Why must I restart?

Well quite simply UEFI is a pain. But seriously I spend 72 hours rewriting and rewriting my interrupt handlers to no avail. I believe that the problem was that I could not setup paging correctly and as such caused general protection faults and as I could not handle these faults I wasted so much time. Therefore in order to catch up to my schedule I have chosen to follow Philipp Oppermann’s blog_os to completion and then implement the other features on top. In order to prevent my assignment from being strait up plagiarism, I will add more features and things to my OS.

Revised Timeline

As I now must have a blog post each week, I have revised the schedule to be a weekly schedule.

  1. Writing a rust BIOS application
    • VGA Text Mode
    • A testing suite
  2. Exceptions and Interrupts
    • IDT / GDT
    • Exception Handlers
    • Timer Handler
    • Keyboard Handler
  3. Paging / Memory
    • Map Physical Memory
    • Heap Allocator
  4. Cooperative Multitasking
    • Futures
    • Async Keyboard
  5. PCI / USB
    • Show all PCI and USB devices
    • Get inputs from USB bus
  6. Devices
    • USB Keyboard
    • PS2 and USB Mouse
  7. Storage
    • Read/Write raw bytes to hard drive
  8. Filesystem
    • Program a basic filesystem such as Fat32
  9. Networking
    • Raw Ethernet Frames
    • ICMP
  10. More Networking
    • TCP
    • UDP
  11. Terminal and Other applications
    • For the remaining time…

Writing a rust BIOS application

As iterated earlier for this week I primarily followed Phillip’s tutorial series for the beginning, however I did add a few things.

Hello World

To begin any project you must write “Hello World”, therefore a VGA buffer writer would need to be made.
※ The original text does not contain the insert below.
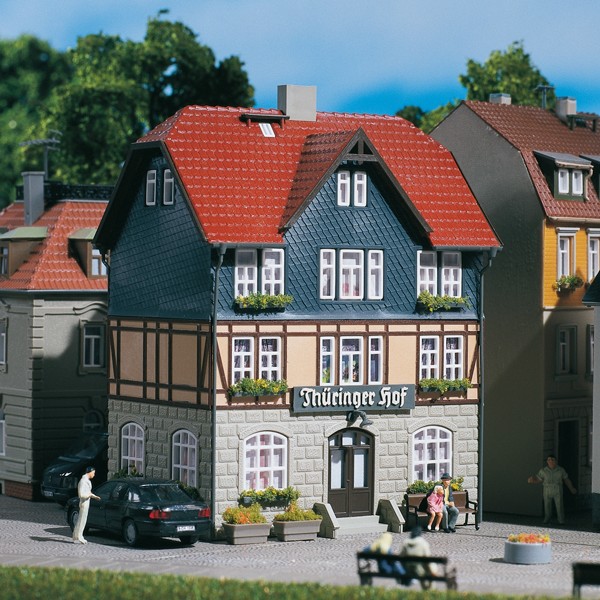 Auhagen 12271 H0/TT-Modellbausatz, Gasthaus Thüringer Hof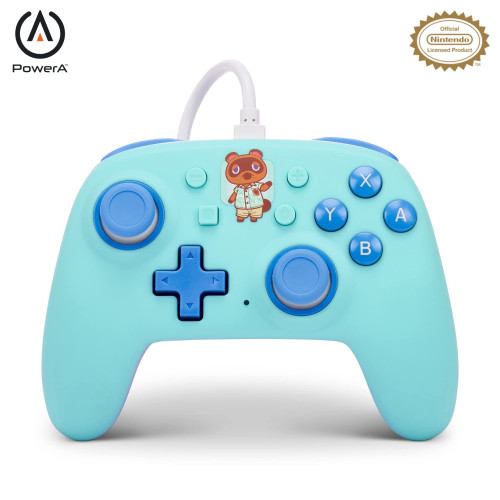 PowerA Nano Wired Controller for Nintendo Switch - Animal Crossing, Comfortable ergonomics, Officially licensed for Nintendo Switch and Nintendo Switch Lite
In the tutorial Phil started from to bottom of the screen and for scroll copied everything 1 line up, however I preferred the writer starting from the top left of the screen, as you can see in the below picture.

hello world screenshot

As with my original attempt I created a colour! macro to change which colour is printed to the screen which is now limited to VGA colours. Along with that I implemented a cursor! macro to change the writers cursor position on the screen. Both of these features are shown bellow where I wrote some pink text at the bottom of the screen.

pink text screenshot

Testing

Thankfully, the boot-loader crate that I have been using from Phillip’s tutorial includes a test runner hook. The required items to complete the test suite were, a serial printer in order to print results back the the QEMU host, a bunch of tests and rewriting the OS to create standalone tests to prevent regressions. As the tutroial covered this very well I didn’t add very much except for modularizing the code into a different directory structure. As shown in the below image the test suite prints the result of each test to the console via QEMU’s serial interface, unforntantlyunfortunately there are errors however those are from the bootloader crate and as such I can’t do anything about them.